---------- Records to process

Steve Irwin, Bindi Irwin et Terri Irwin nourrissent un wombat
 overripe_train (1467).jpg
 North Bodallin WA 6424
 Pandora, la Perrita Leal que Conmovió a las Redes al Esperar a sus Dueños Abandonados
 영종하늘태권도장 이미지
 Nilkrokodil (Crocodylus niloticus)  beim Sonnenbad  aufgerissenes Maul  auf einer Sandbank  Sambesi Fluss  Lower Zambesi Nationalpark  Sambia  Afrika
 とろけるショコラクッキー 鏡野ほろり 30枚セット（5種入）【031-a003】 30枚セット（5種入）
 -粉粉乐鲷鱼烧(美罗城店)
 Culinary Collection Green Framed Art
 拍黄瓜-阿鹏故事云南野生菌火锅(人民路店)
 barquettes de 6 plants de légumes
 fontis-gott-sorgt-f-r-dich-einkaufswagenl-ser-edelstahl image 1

--------------------

▸ **Task brief**: The output should consist only of the lines from the one with "North Bodallin WA 6424" through the final line of the records above, exactly.

▸ **Answer box**:
 North Bodallin WA 6424
 Pandora, la Perrita Leal que Conmovió a las Redes al Esperar a sus Dueños Abandonados
 영종하늘태권도장 이미지
 Nilkrokodil (Crocodylus niloticus)  beim Sonnenbad  aufgerissenes Maul  auf einer Sandbank  Sambesi Fluss  Lower Zambesi Nationalpark  Sambia  Afrika
 とろけるショコラクッキー 鏡野ほろり 30枚セット（5種入）【031-a003】 30枚セット（5種入）
 -粉粉乐鲷鱼烧(美罗城店)
 Culinary Collection Green Framed Art
 拍黄瓜-阿鹏故事云南野生菌火锅(人民路店)
 barquettes de 6 plants de légumes
 fontis-gott-sorgt-f-r-dich-einkaufswagenl-ser-edelstahl image 1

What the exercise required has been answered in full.